**DATA BELOW**.
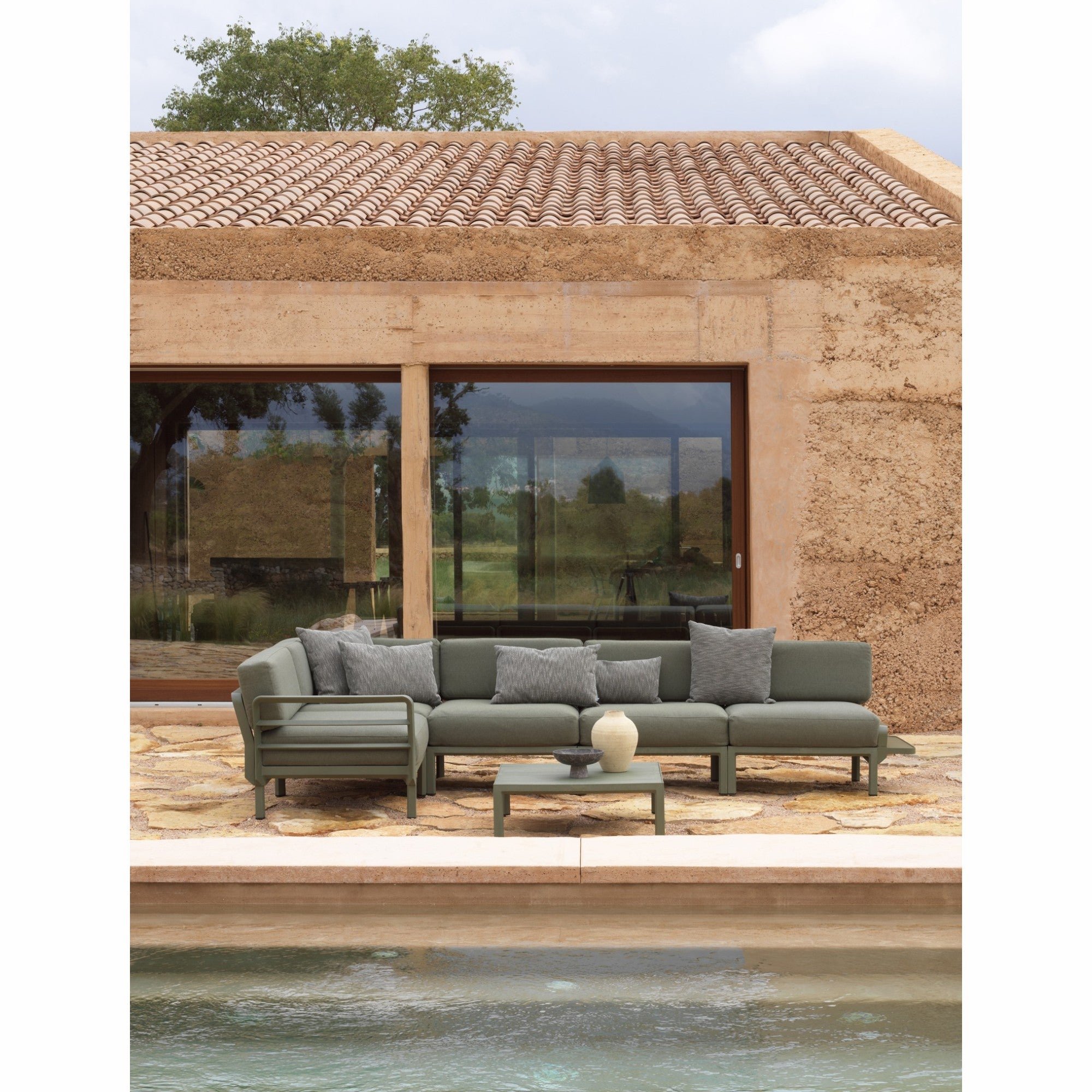 Outdoor kutna garnitura Maximo 344x184 cm Sa Stolićem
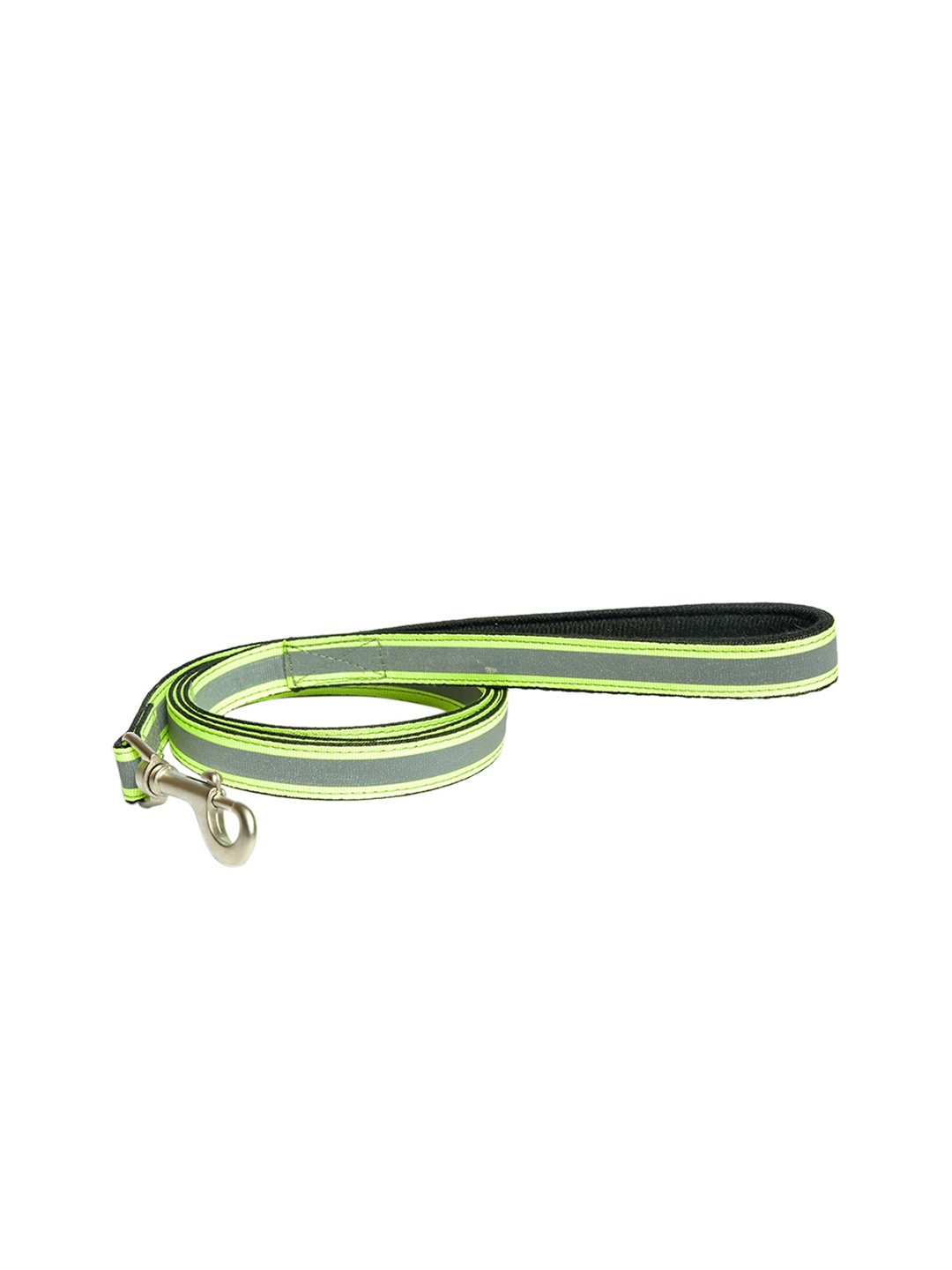 

PETWALE Green & Grey Striped Reflective Padded Handle Dog Leash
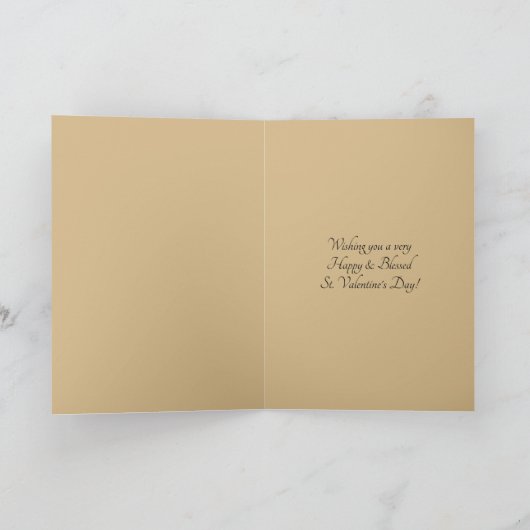 Carte Saint-Valentin traditionnelle de St (Intérieur)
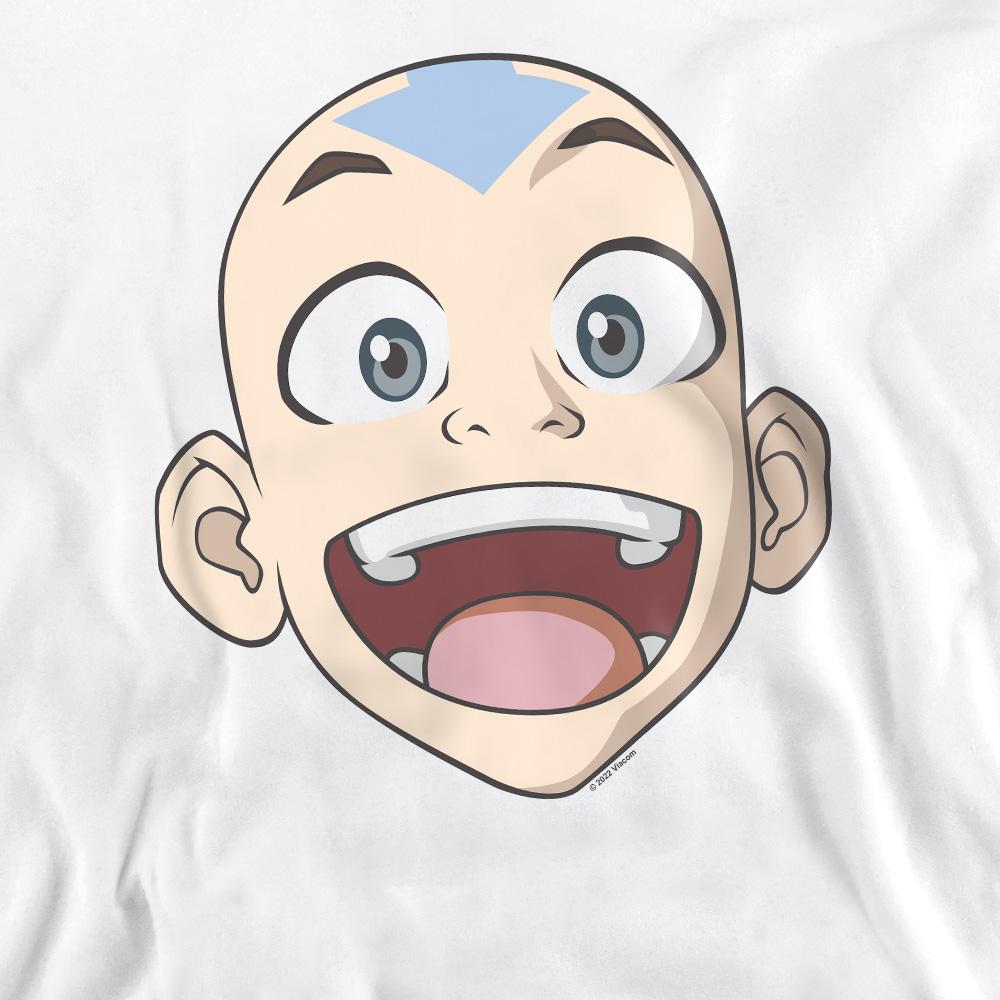 White - Pack Shot - Avatar: The Last Airbender Unisex Adult Aang Big Face Sweatshirt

**TASK INSTRUCTIONS**. When copying the listing, skip the pictures and keep each line exactly as written.

**WRITTEN SOLUTION**.
 Outdoor kutna garnitura Maximo 344x184 cm Sa Stolićem

PETWALE Green & Grey Striped Reflective Padded Handle Dog Leash
 Carte Saint-Valentin traditionnelle de St (Intérieur)
 White - Pack Shot - Avatar: The Last Airbender Unisex Adult Aang Big Face Sweatshirt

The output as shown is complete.